The finding will address some of the ethical objections of groups who oppose embryonic stem-cell research, in which the embryo is destroyed. And the new process is much quicker than the alternative method, where adult cells are “rewound” to create versatile master cells, known as induced pluripotent stem (iPS) cells.

In the study, published in the journal Nature, skin cells were infected with a genetically modified virus that inserted genes into the cells’ DNA. The researchers began by introducing 19 genes that are known to be switched on when mice stem cells first differentiate into neurons during embryonic development.

Using a mix-and-match approach, the researchers found that of the 19 genes initially tested, only three were truly necessary to get the skin cells to develop into neurons. When these three genes were switched on, 20 per cent of the skin cells had turned into fully functioning neurons in less than a week. The neurons were able to make connections with and signal to other nerve cells — critical functions if the cells are eventually to be used as therapy for Parkinson’s disease or other disorders.
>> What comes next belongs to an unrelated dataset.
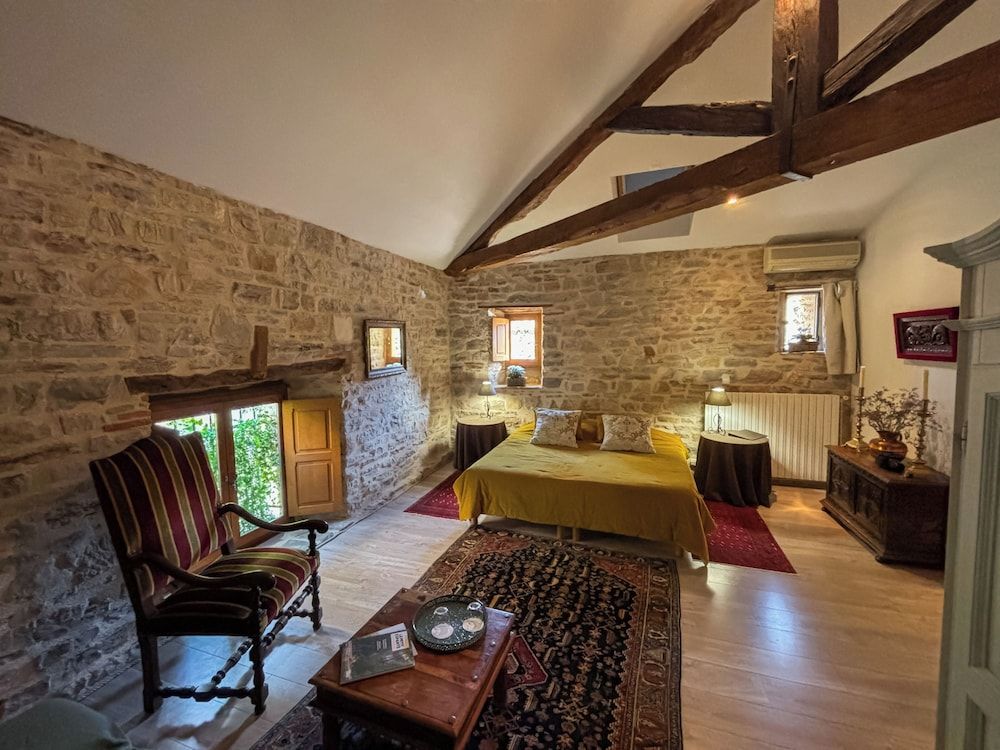 Maison Bakéa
“We were very surprised by both the timing and the efficiency,” said Irving Weissman, a stem cell expert at Stanford University in California, who led the research. "This is much more straightforward than going through iPS cells, and it’s likely to be a very viable alternative.”
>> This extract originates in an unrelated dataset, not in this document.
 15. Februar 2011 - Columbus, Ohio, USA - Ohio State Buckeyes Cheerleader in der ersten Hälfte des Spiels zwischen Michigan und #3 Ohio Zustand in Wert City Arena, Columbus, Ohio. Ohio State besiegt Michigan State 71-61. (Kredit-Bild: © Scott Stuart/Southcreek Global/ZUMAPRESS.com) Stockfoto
In terms of clinical applications, a further advantage of skipping out the intermediate iPS state is that it is known that iPS cells promote cancers. Many researchers believe it would be difficult to obtain a license for the use of cells that are grown from iPS cells.

“People have been saying that iPS cells could be used therapeutically in the near future, but frankly they’ve been lying,” said Professor Price. “These cells don’t go through a tumourigenic phase, which means it would be much easier to get a licence to use them.”
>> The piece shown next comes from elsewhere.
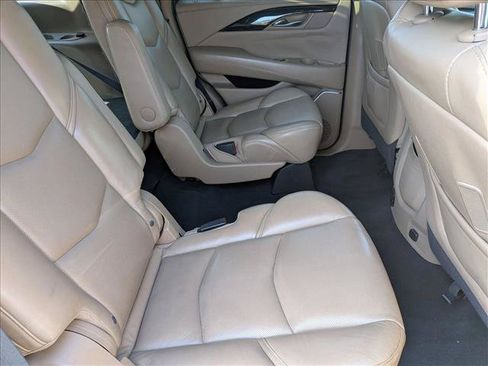 Used 2020 Cadillac Escalade Platinum AWD/4WD image 22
The Stanford group are now working to reproduce the finding using human cells, but say that there is no reason to expect it should not apply to most species.

A further question is why, if cells retain an underlying versatility, they don’t switch between cell types throughout our life. One possible explanation is that genes interact via “see-saw” mechanisms, whereby when one set of genes are switched on, they automatically keep other genes switched off unless an artificial intervention is made.